### Task item
In this exercise, print only the lines from the line with "Antique Vintage Mahogany" to the last line of the data below, inclusive. Any pictures should be left out.

━━━━━━━━━━

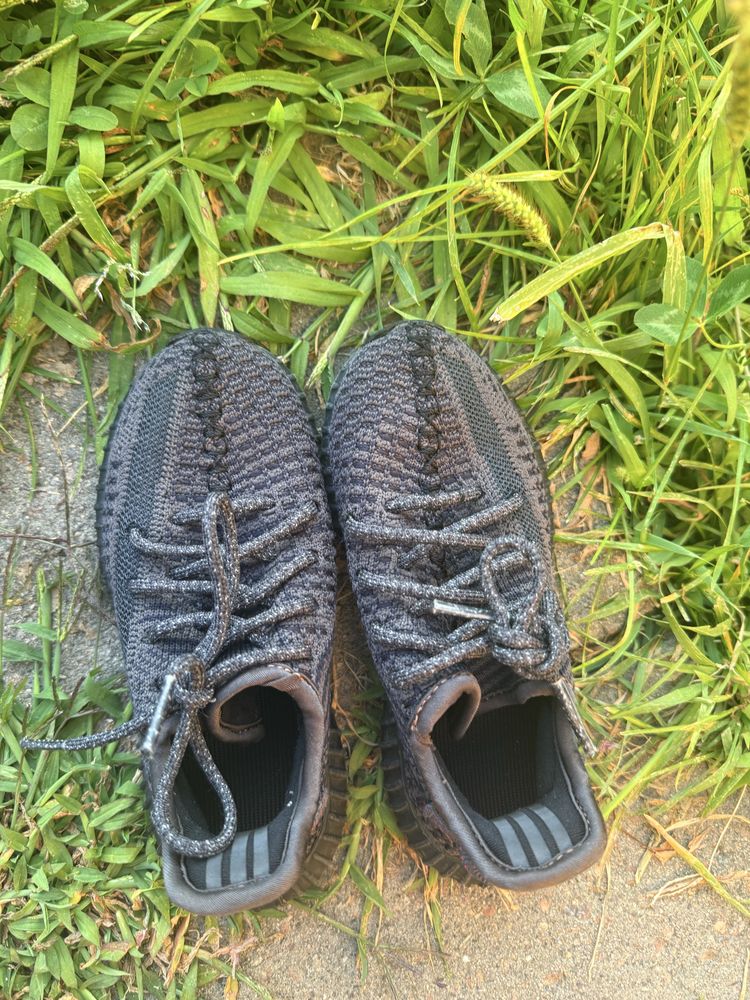 Кросівки дитячі adidas yeezy boost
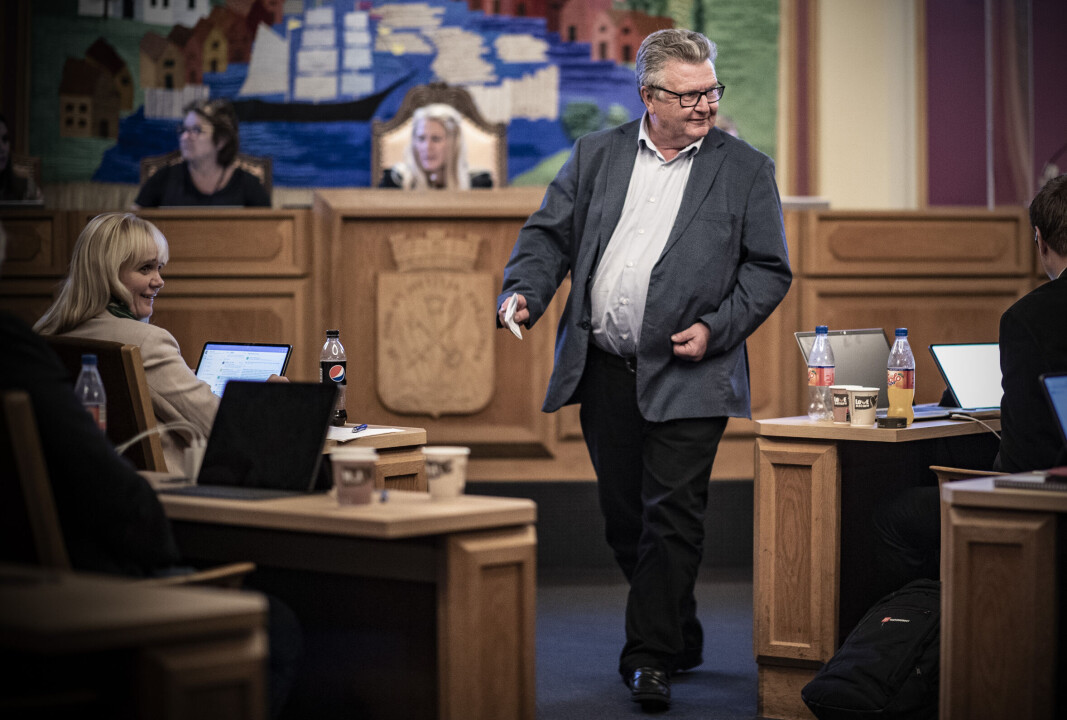 KLINTE TIL: Knut Gjerde (Frp) la ikke mye i mellom da han i kommunestyret satte ord på hva han mente om milliardinvesteringen. - En prioritering for middelklassemenn i trange dresser, sa Gjerde - og fyrte opp de andre partiene. KLINTE TIL: Knut Gjerde (Frp) la ikke mye i mellom da han i kommunestyret satte ord på hva han mente om milliardinvesteringen. - En prioritering for middelklassemenn i trange dresser, sa Gjerde - og fyrte opp de andre partiene.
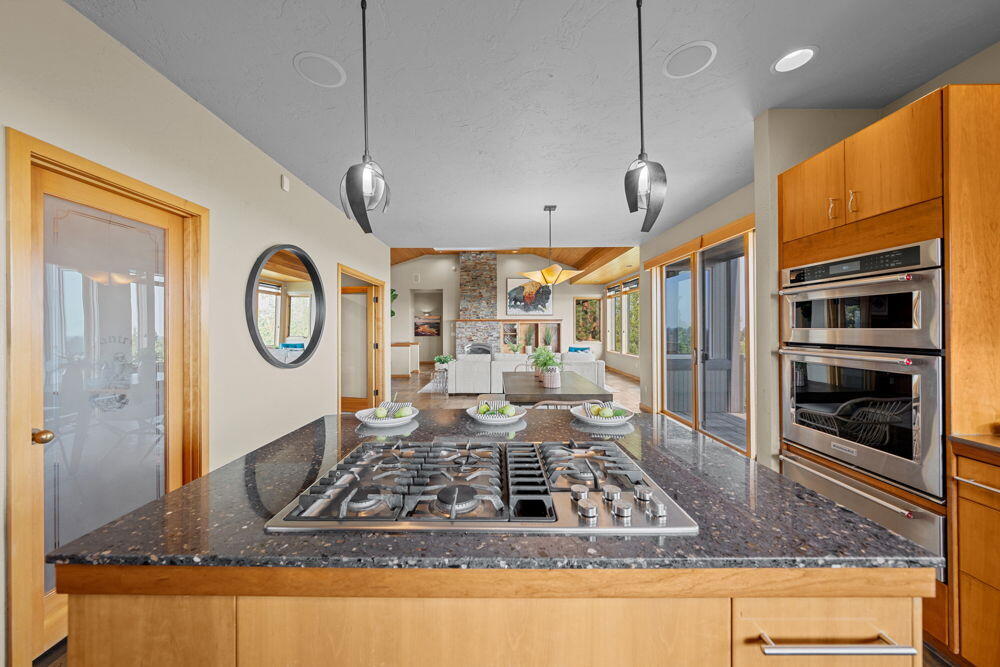 885 Northwest Chelsea Loop Bend, OR 97703 - Photo 33 of 57 78B 32-web-or-mls-Riley_Visuals-32 -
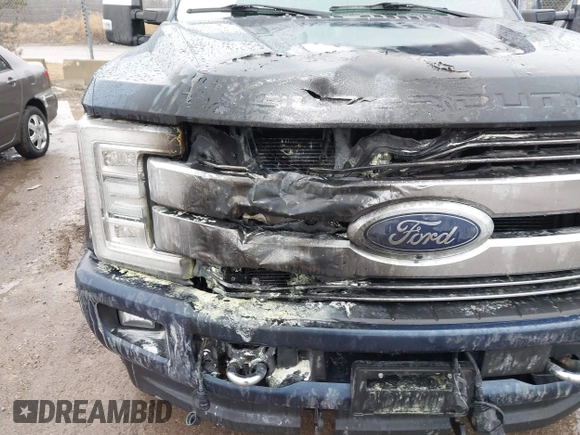 2018 Ford Super Duty F-250 SRW XL with VIN 1FT7W2BT5JEB05993, listed as a IAAI auction lot 41669673 with 130,623 mi miles. Bid and sale history available at carsss.com. Image 6.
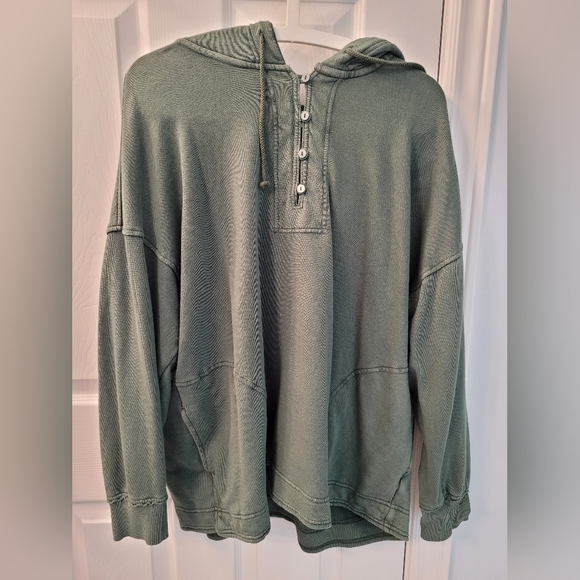 Aerie Green Oversized Hoodie Size Medium - Picture 1 of 5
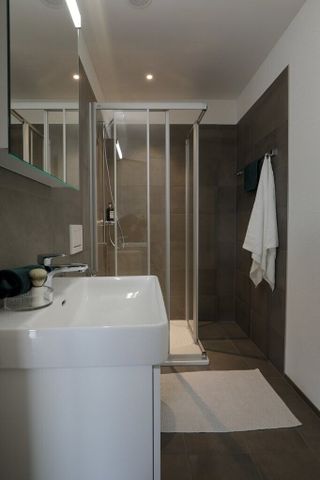 Trendy attic apartment with sun terrace - Photo 3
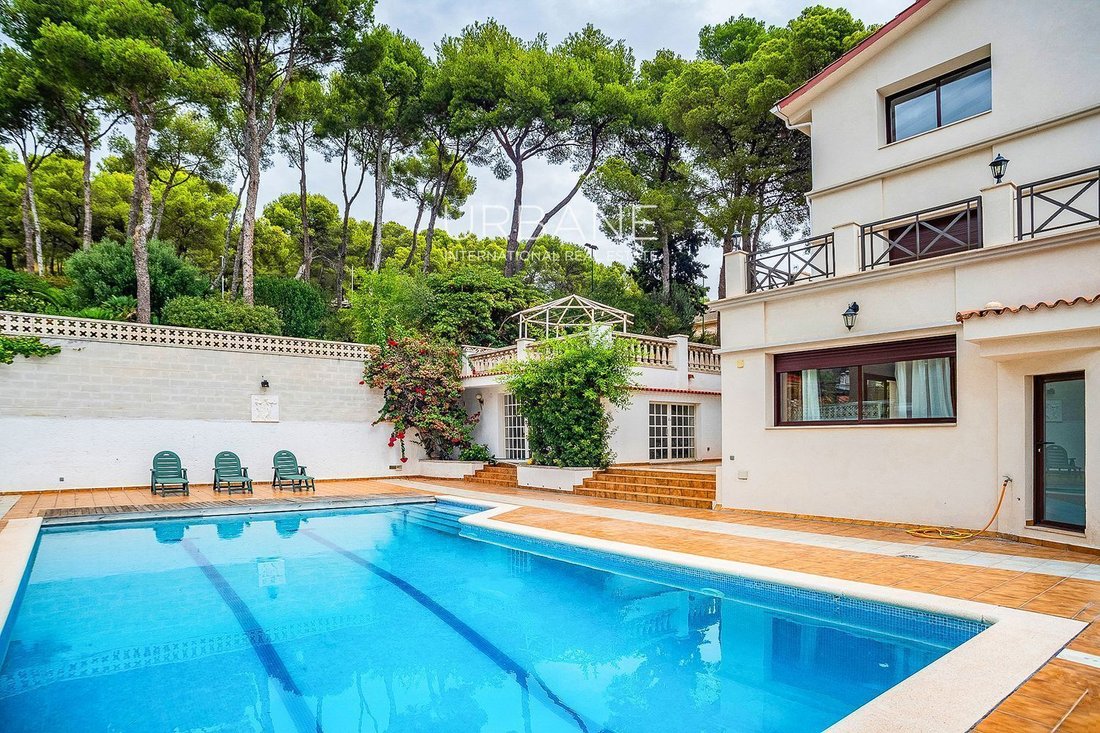 Villa in Horta-Guinardó, Barcelona, Spain 3 - 15790546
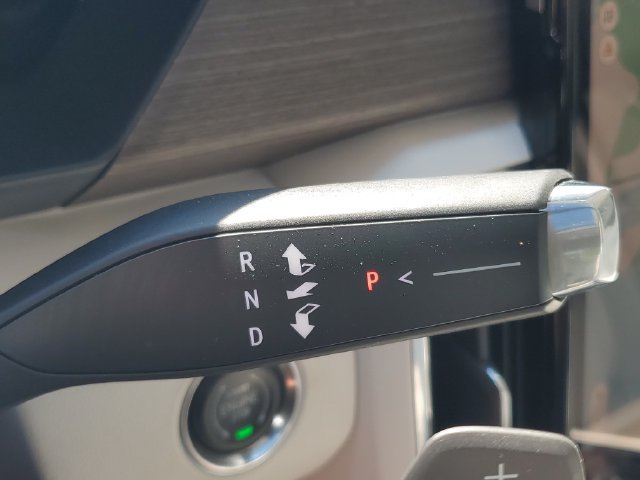 Used 2024 GMC Acadia Denali FWD image 18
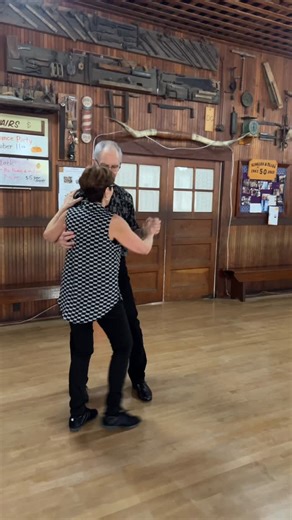28 reactions · 6 comments | Back Pivots in Nightclub Two Step | Smooth & Stylish Demo with Bob and Debbie | Dick and Edna’s Dance Class #dickandednadance #dedancecompany #Monroehalldickandedna | Edna Lucero | Facebook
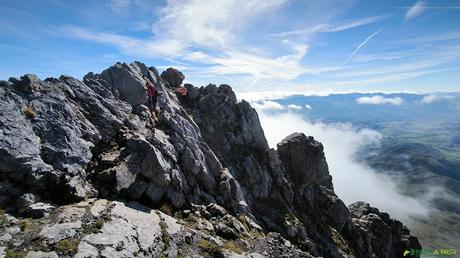 Saliendo de la cima de Peña Ubiña Pequeña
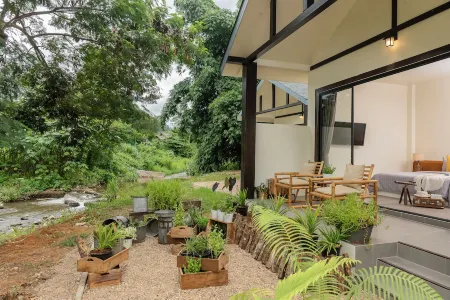 Sirin Farm Отели рядом с достопримечательностью «Белый храм Ват Ронг Кхун»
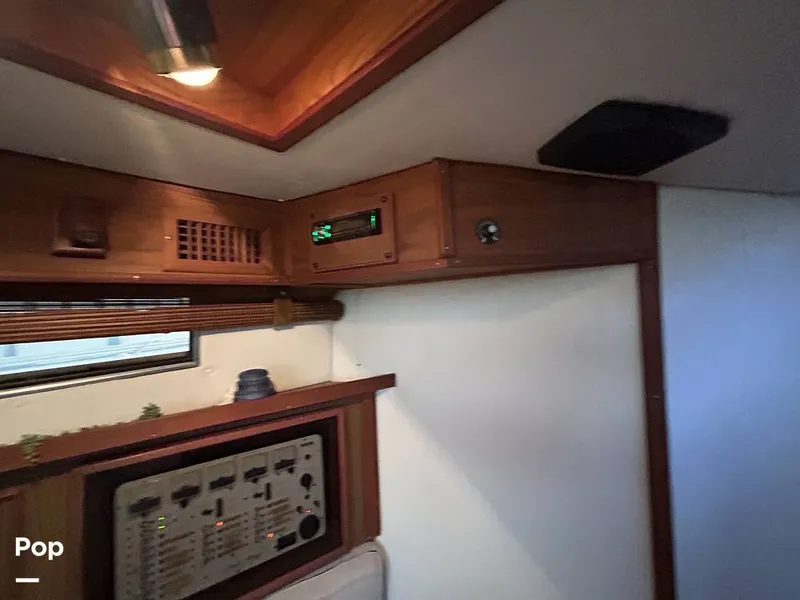 Slide: The Image of Sea Ray 360 Express 1982 - 15744460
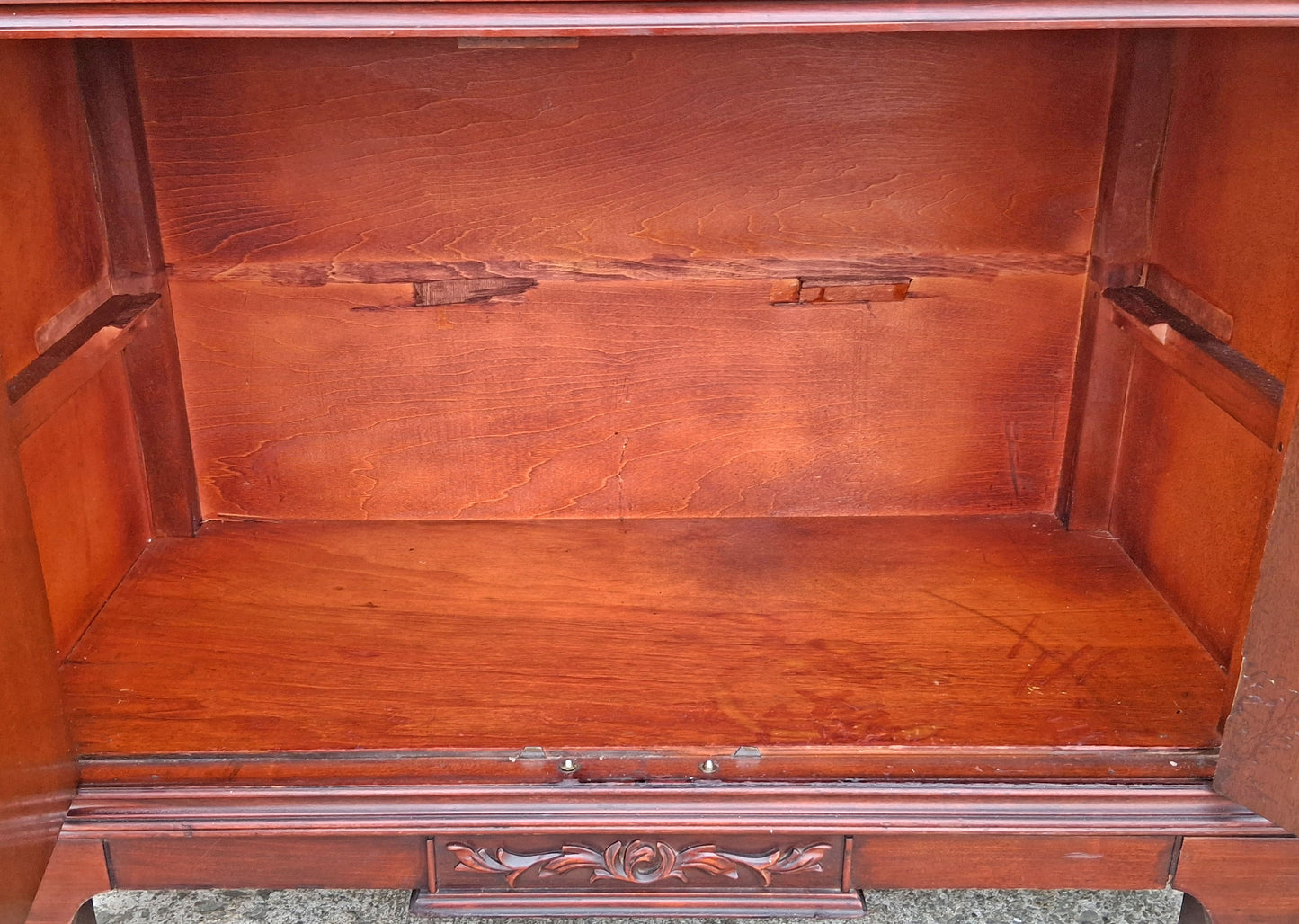 Antique Vintage Mahogany Wood China Cabinet Chippendale Federal Hutch Bookcase Library Display Cupboard Broken Arch Pediment Glass Cabinet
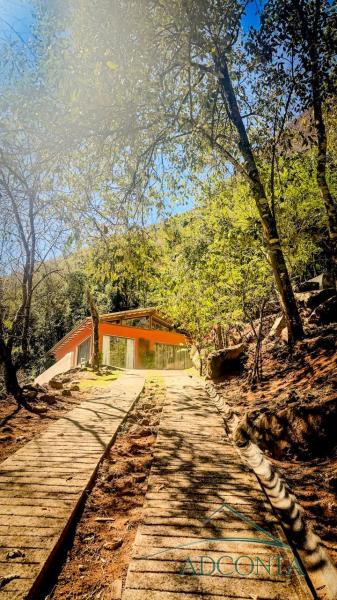 Apartamento para Alugar em Secretário, Petrópolis - RJ - Foto 1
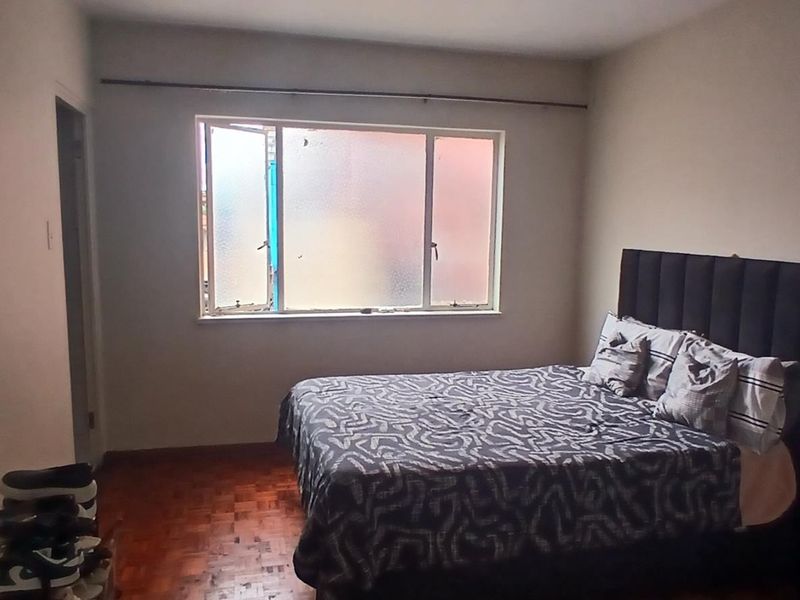 Durban Central Apartment with Panoramic City Views and Parking - Photo 10
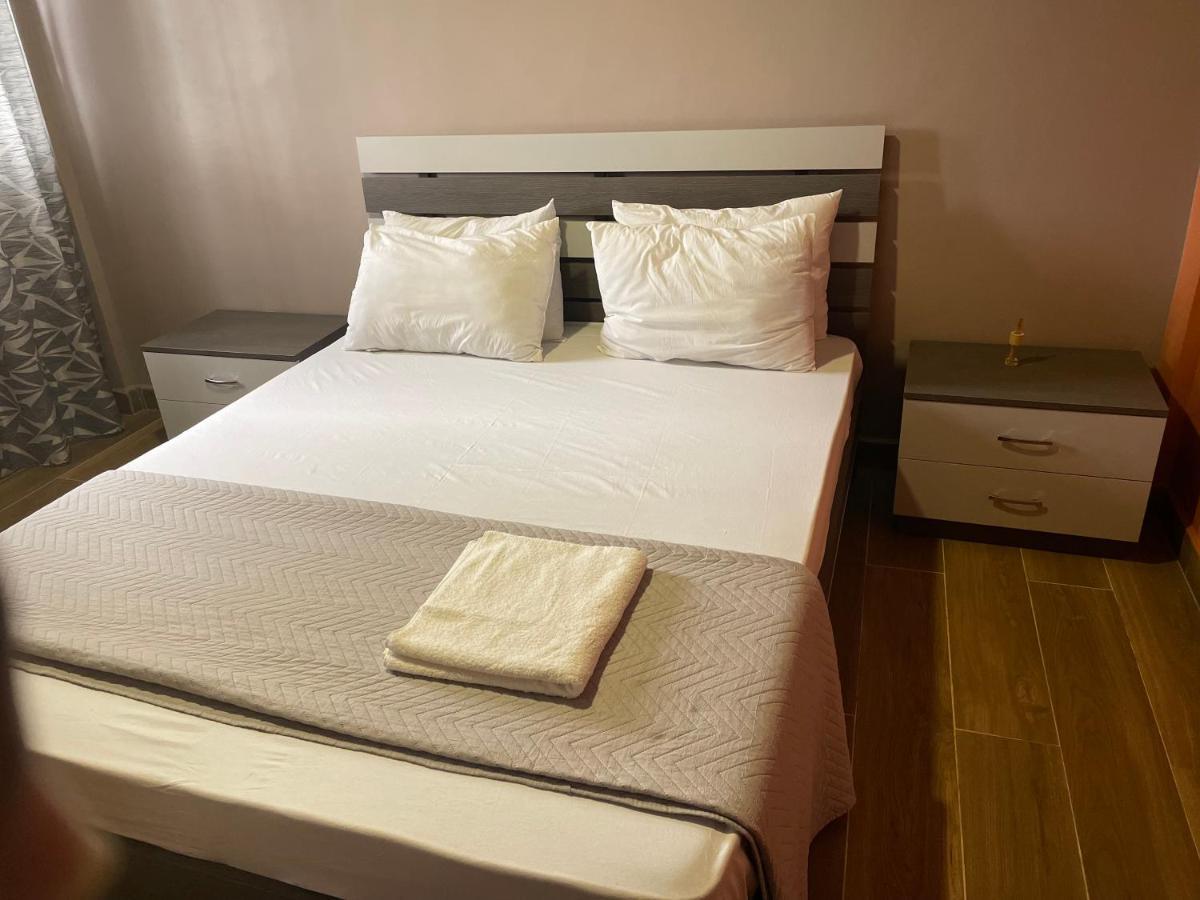 At Home Lisda Yaounde Ngoại thất bức ảnh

━━━━━━━━━━

### Result below
 Antique Vintage Mahogany Wood China Cabinet Chippendale Federal Hutch Bookcase Library Display Cupboard Broken Arch Pediment Glass Cabinet
 Apartamento para Alugar em Secretário, Petrópolis - RJ - Foto 1
 Durban Central Apartment with Panoramic City Views and Parking - Photo 10
 At Home Lisda Yaounde Ngoại thất bức ảnh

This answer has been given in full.